By about 2 in the afternoon I started to stir when I heard a very faint, yet familiar sound over the hum of the air conditioner and dehumidifier. As I slowly awoke, I heard more familiar sounds but I couldn’t believe my ears. Was that thunder? Couldn’t possibly be, but the day before there was a pretty good-sized cell building up just west of here, and now there was the undeniable sound of rain drops beating against the tin roof of our trailer. I had to go explore further, I couldn’t sleep with such exciting possibilities. I walked to the door that and sure enough, the rain had already started forming puddles. I looked across the compound and it looked like a village of meerkats with people were sticking their heads out of every opening to see if it really was raining. In the immortal words of Forrest Gump we had, “little bitty stingin’ rain… and big ol’ fat rain. Rain that flew in sideways, and sometimes rain even seemed to come straight up from underneath.” Then there was a splat of lightning that had to be just over on the other side of our compound because the clap of thunder was almost instantaneous. The roof was dripping a solid stream of mud from months of dust buildup, so you had to plan accordingly which door to go out, not the ones on the side of the trailer where the roof hangs over.

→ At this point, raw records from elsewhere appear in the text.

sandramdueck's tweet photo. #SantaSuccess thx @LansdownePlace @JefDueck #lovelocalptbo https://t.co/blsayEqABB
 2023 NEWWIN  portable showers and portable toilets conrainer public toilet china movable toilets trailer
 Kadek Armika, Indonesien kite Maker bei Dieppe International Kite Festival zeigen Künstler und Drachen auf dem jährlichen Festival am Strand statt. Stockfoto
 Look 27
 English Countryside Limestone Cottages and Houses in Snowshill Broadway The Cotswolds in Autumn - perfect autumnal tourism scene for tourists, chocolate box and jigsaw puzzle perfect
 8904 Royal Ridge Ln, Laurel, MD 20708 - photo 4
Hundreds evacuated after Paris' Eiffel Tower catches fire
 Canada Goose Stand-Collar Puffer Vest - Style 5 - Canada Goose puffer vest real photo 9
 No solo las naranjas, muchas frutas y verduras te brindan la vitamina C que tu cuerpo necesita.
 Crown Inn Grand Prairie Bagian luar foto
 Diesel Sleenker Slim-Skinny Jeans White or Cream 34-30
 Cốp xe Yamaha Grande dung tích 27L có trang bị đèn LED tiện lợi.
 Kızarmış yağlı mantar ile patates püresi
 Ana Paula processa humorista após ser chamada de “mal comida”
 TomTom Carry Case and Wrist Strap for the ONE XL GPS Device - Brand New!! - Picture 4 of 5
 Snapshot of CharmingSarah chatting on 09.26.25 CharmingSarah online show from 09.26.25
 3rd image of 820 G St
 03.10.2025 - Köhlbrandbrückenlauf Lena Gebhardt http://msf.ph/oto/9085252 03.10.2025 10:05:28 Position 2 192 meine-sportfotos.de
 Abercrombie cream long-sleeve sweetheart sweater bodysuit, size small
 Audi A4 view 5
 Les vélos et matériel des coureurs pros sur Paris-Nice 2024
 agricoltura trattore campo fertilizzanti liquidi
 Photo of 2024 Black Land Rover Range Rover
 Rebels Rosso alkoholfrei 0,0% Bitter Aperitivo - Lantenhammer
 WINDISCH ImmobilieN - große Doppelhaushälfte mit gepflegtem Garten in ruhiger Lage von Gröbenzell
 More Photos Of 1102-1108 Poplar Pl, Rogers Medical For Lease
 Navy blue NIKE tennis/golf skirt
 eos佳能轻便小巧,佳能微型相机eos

After a few minutes the rain died off and I figured in this desert environment the ground would soak it all up immediately. What the ground failed to absorb, the air would certainly soak up through evaporation and add even more humidity to the already thick air and further complicating the removal of the mildewy scent from my freshly laundered towels. To be sure it was more humid, but a day later there were still puddles of water sitting around, attracting a bunch of horny little mosquitoes I’m sure.
The entire place was in awe of the rain, like we’d never seen anything like it, and we haven’t stopped talking about it since. So that should give you all an idea of the level of excitement we’re dealing with here. As I post this at 5 in the morning a couple of days later, the fog is so thick I can’t see more than 100 feet in front of me, but I can see the moon shining brightly overhead.